Da quando c'è l'euro, ha spiegato la leader degli industriali, «abbiamo perso 32 punti percentuali rispetto alla Germania: se non recupereremo, non avremo la capacità di competere e crescere». La strada da percorrere, ha aggiunto, passa per nuove relazioni sindacali, che «non siano cinesi, ma allineate a tutti gli altri paesi occidentali». Vale a dire, ha detto, «lavorare di più, lavorare meglio, con più formazione e più tecnologia, avere turni e in questo modo pagare di più i lavoratori».
Marcegaglia ha poi sottolineato che «forse il peggio è alle spalle, ma siamo in una fase di assoluta, totale incertezza». Si parla, ha detto, della possibilità di una nuova recessione negli Usa e al contrario delle aspettative in Europa la Germania cresce più degli altri. «Per questo - ha ribadito - abbiamo bisogno di una discontinuità assoluta e strategica rispetto al passato, di una politica che stia sulle cose. Perchè non si tratta solo di uscire dalla crisi». Chiaro il messaggio al Governo: «che deve andare avanti e non può permettersi di vivacchiare».
Per la leader degli industriali, poi, il secondo punto fondamentale per abbattere la crisi è dato dalle infrastrutture, che, ha detto, «si possono anche fare coi soldi dei privati», ma che richiedono «regole e tempi certi».

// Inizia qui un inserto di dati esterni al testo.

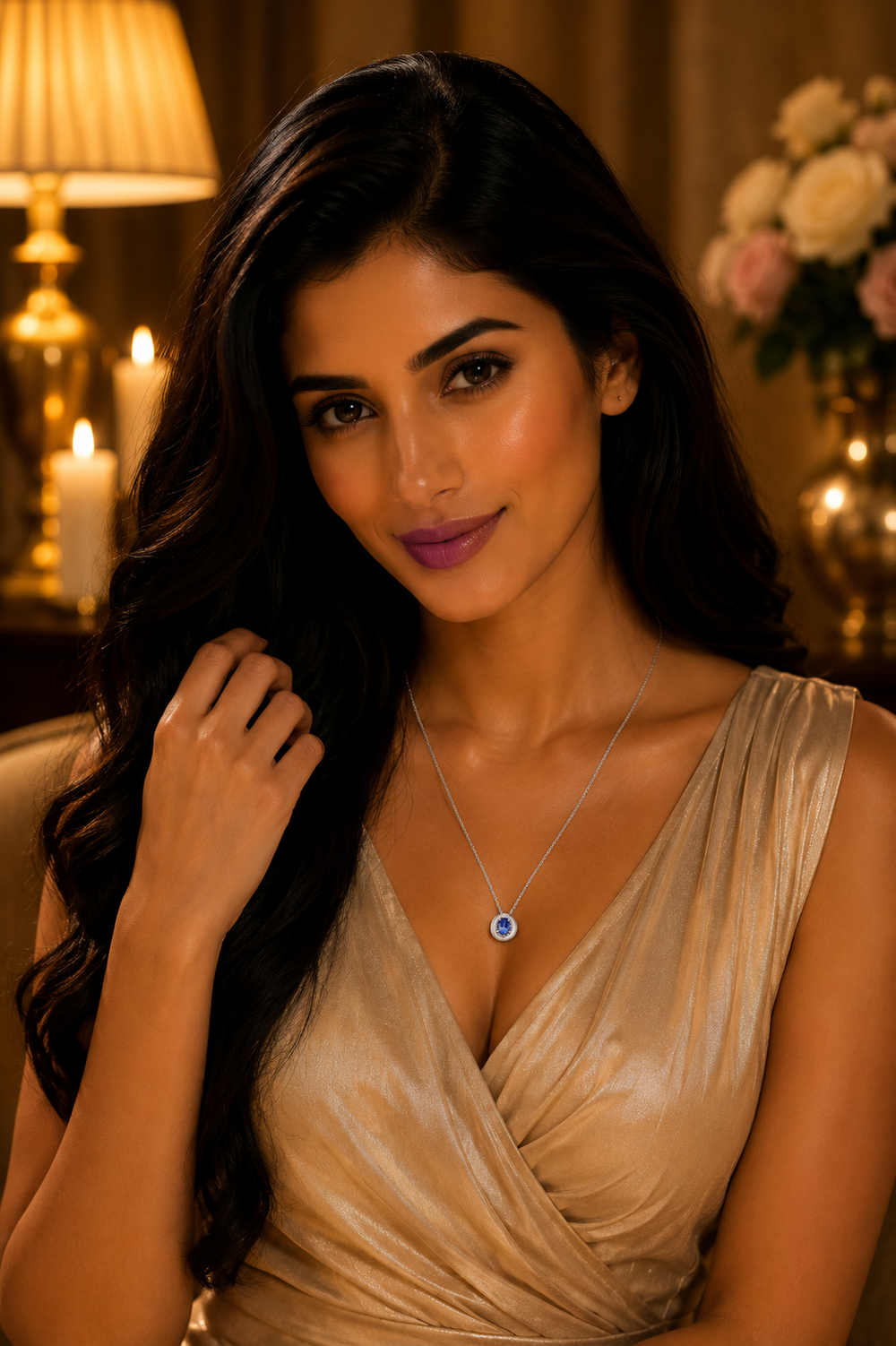 18K White Gold Blue Sapphire Diamond Pendant Necklace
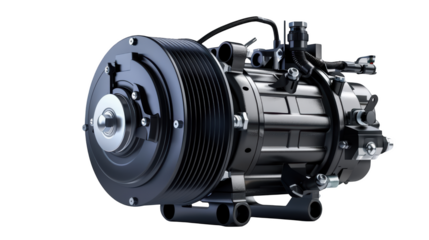 Automotive air conditioning compressor engine part isolated transparent background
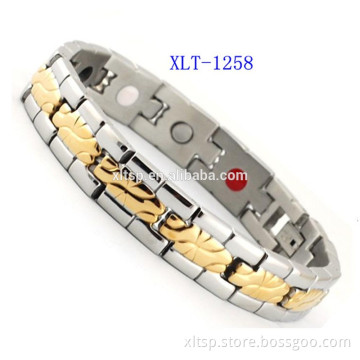 Fashion jewelry 18k gold mens health care titanium stainless steel bracelet
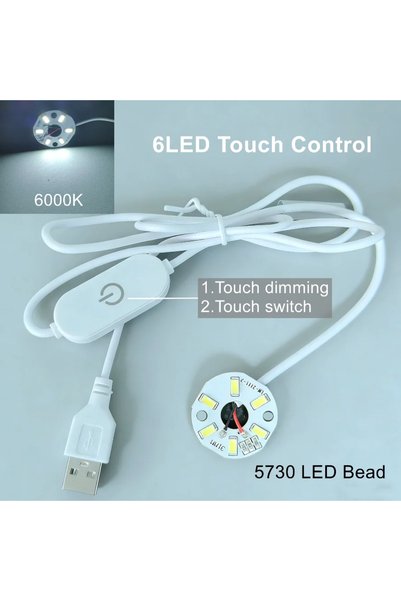 Choice26 1PCS 5V-USB Touch-White 5V USB High Brightness Dimmable Touch Contro...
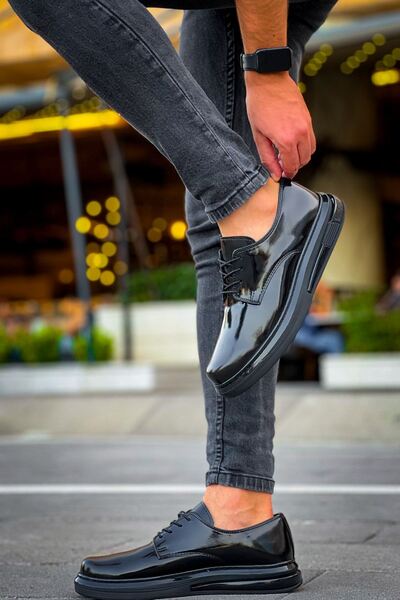 Zerenyus ZRC2403 Pantofi clasici pentru bărbați de zi cu zi, piele neagră lac...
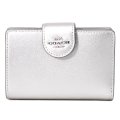 【COACH】コーチ 財布 レザー ロゴ キラキラ ミディアム コーナー ジップ ウォレット 二つ折り財布 ライトシルバー（日本未発売）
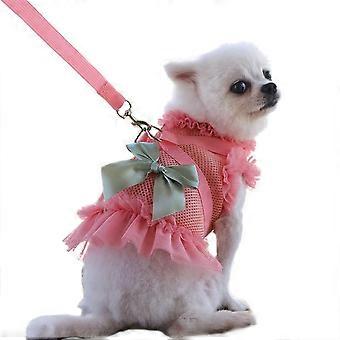 Heytea Pet Clothes, Conjunto de Coleira para Cães Vestido de Princesa Filhote com Laço Sem Arnês Compatível com Cão Pequeno Gato (XS, Vermelho)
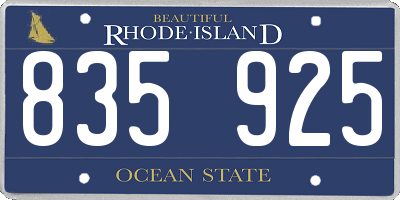 RI license plate 835925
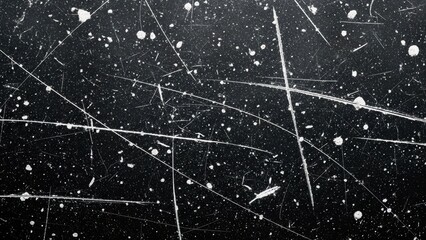 Abstract Scratched Black Background with White Dust and Lens Flare, Vintage Film Texture, Distressed Grungy Surface Overlay, Dark Monochromatic Weathered Texture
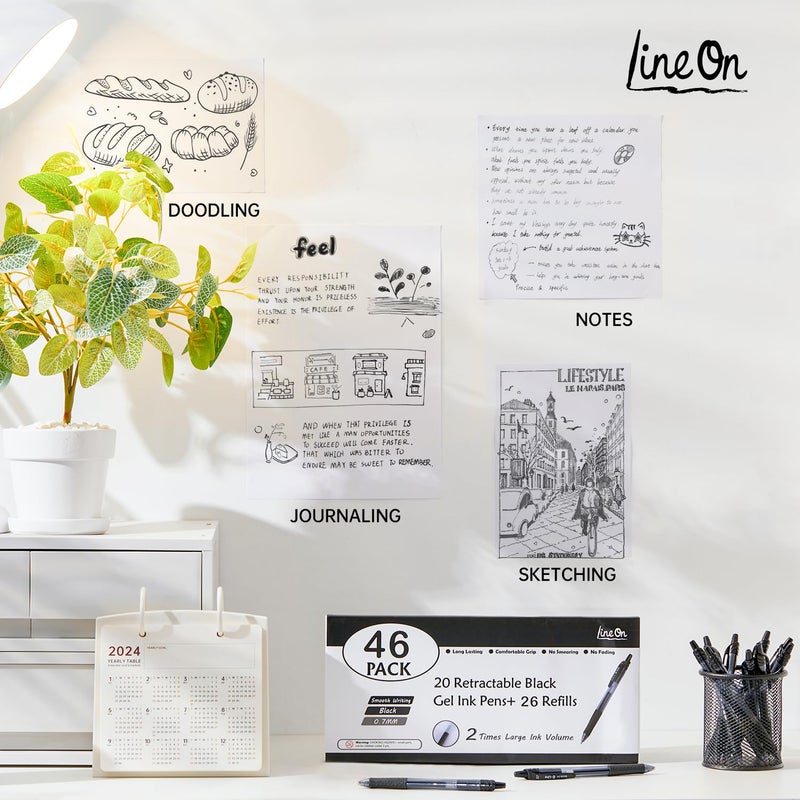 Lineon 46 Pack Black Gel Ink Pens (20 Gel Pens with 26 Refills) Medium Point Retractable Writing Smooth Writing with Comfortable Grip for Office School - Image 4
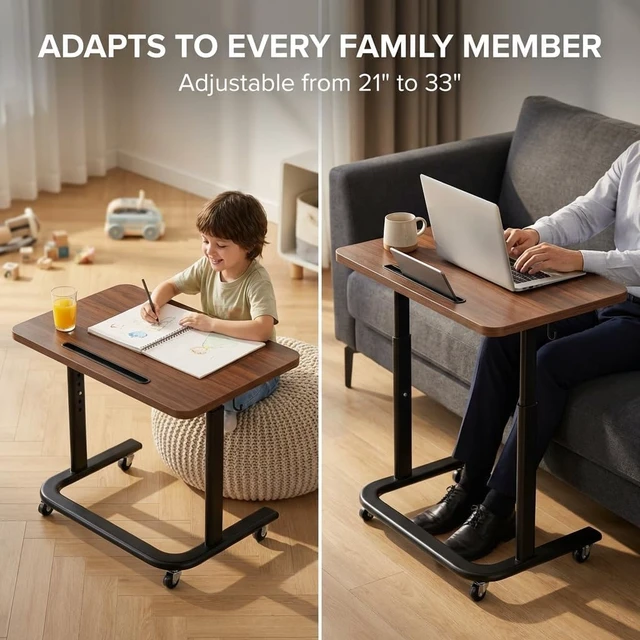 Alt view image 3 of 6 - Height Adjustable TV Tray Table with Wheels for Couch or Sofa | Rolling TV dinner tray for eating on couch,bed,or recliner;height adjustable laptop desk for meals,snacks,and work Brown
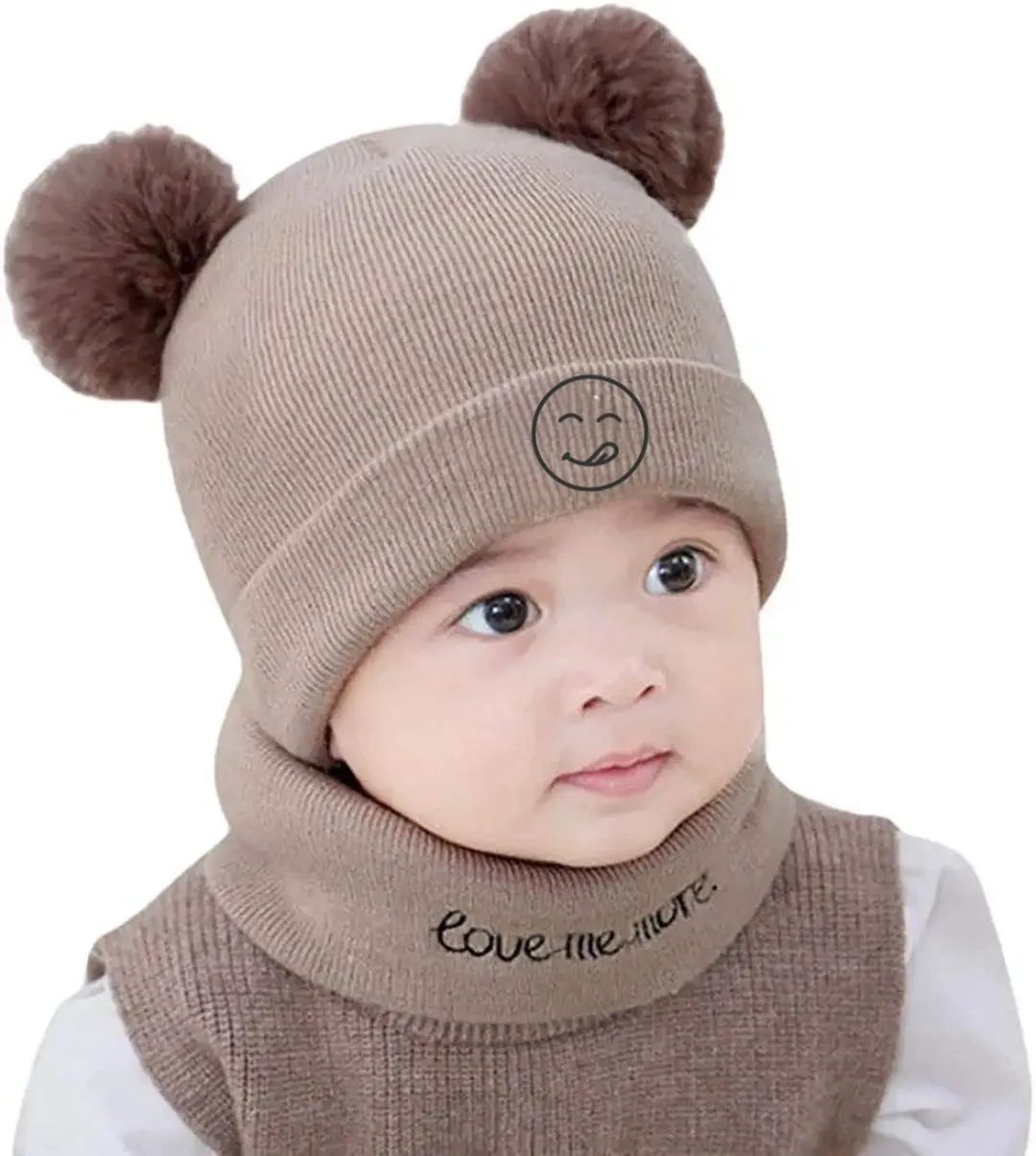 2Pcs Baby Hat & Scarf Set - Warm Knitted Winter Hat Cap & Scarf for Babies- Beanie Cap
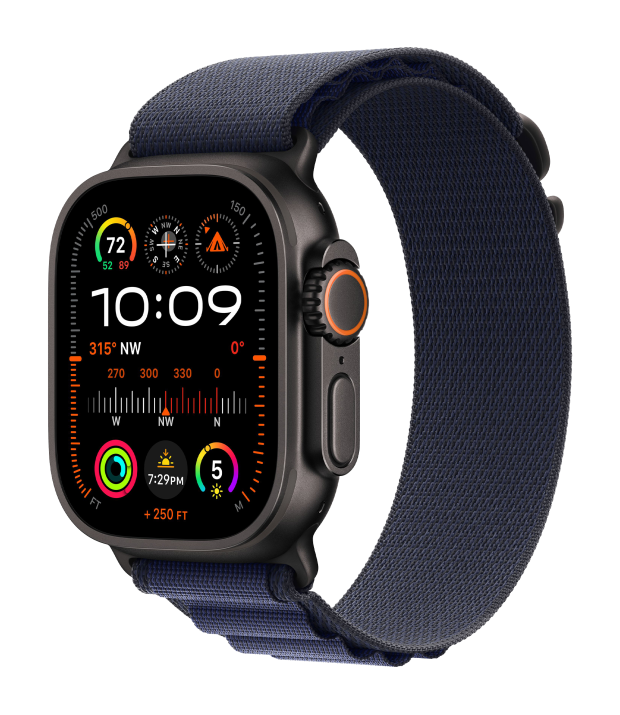 Apple Watch Ultra 2 2024 49mm LTE Black Titanium Case with Navy Alpine Loop - Small (MYTF3+MYPW3)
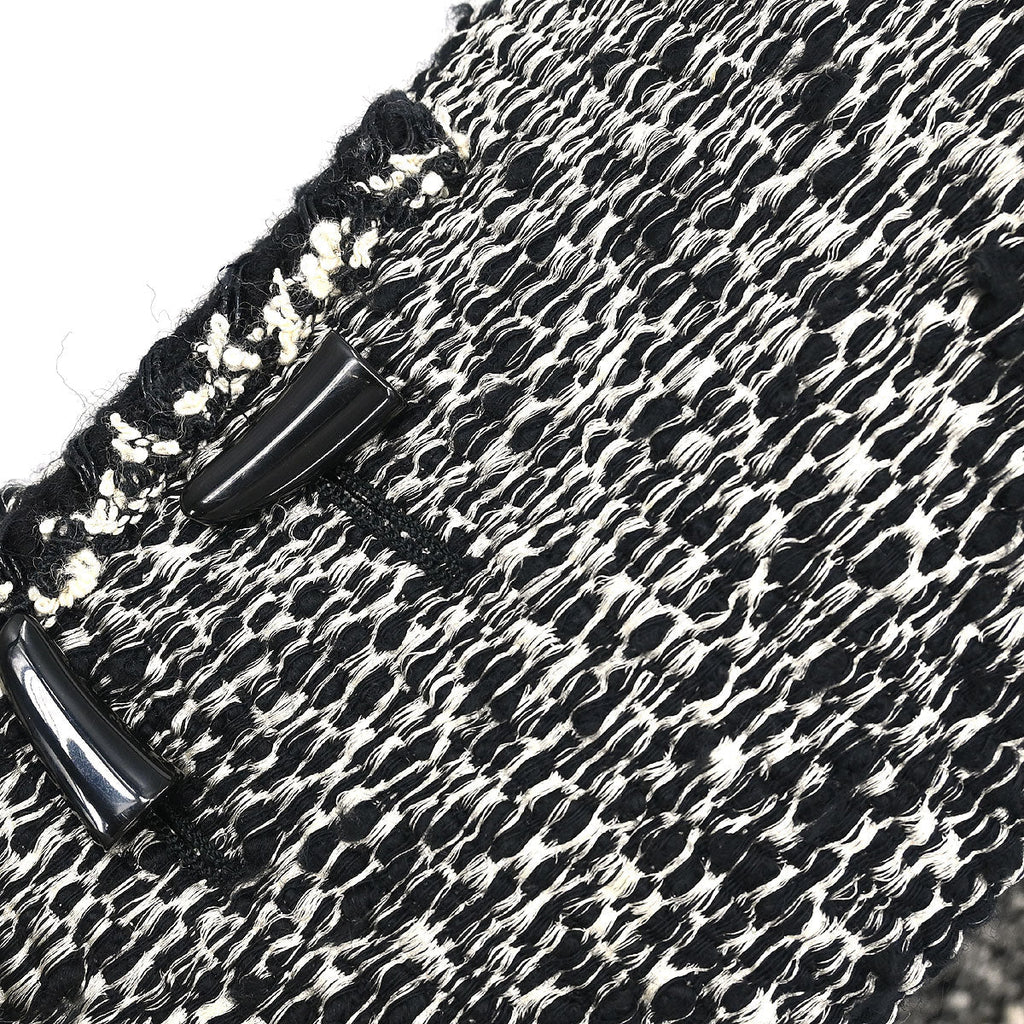 Chanel 2011-2012 Hooded Duffel Coat Tweed Black #34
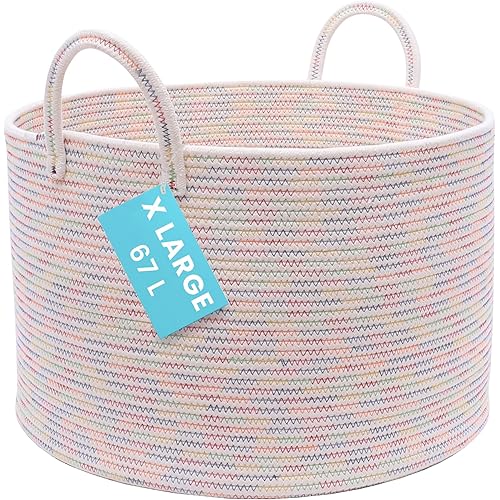 OrganiHaus Large Woven Storage Basket for Blankets and Toys 20" x 13" Inch, Rope Laundry Basket with Handles, Cushions & Pillows Storage Bin, Nursery Hamper, Soft Round Dog Toy Bin - Rainbow Stitches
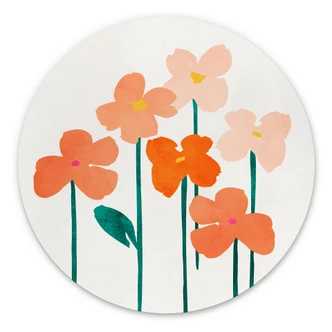 Vægcirkel Små blomster i ferskenfarver - Kubistika Vægcirkel Små blomster i ferskenfarver - Kubistika
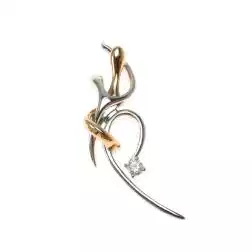 "Passion" Hug Charm with Diamond in two tones color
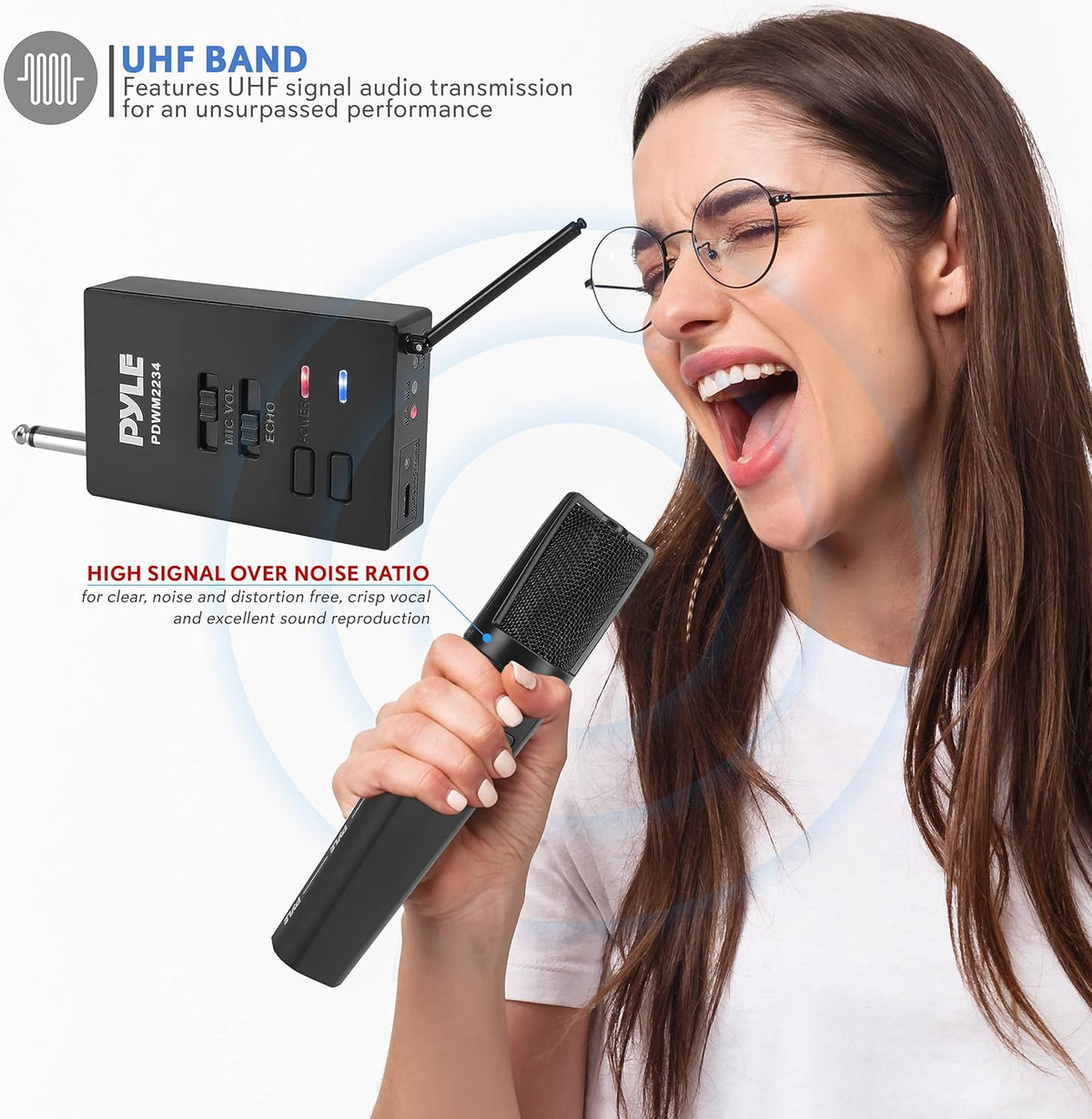 Portable Dual Wireless Microphone System with 2 Handheld Transmitter and 1 Receiver G6308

C'è poi il tema delle tasse, perchè, ha ricordato, «chi fa impresa arriva a pagare anche il 70%-80% del proprio reddito». Per questo, ha spiegato ancora Marcegaglia, «gli introiti della lotta all'evasione fiscale devono andare verso la riduzione delle tasse di chi le paga».
Gli ultimi due temi sono quello della nuova linea di confine fra Stato e mercato e quello del capitale umano e della ricerca. Da un lato, ha rilanciato, «come ha detto il ministro Sacconi, ci vuole meno Stato e più società, ma serve anche meno stato e più mercato: abbiamo bisogno di meno concorrenza sleale da parte delle imprese pubbliche, di meno sprechi, di meno enti inutili», visto che «lo Stato intermedia il 50% del Pil e spesso lo fa male».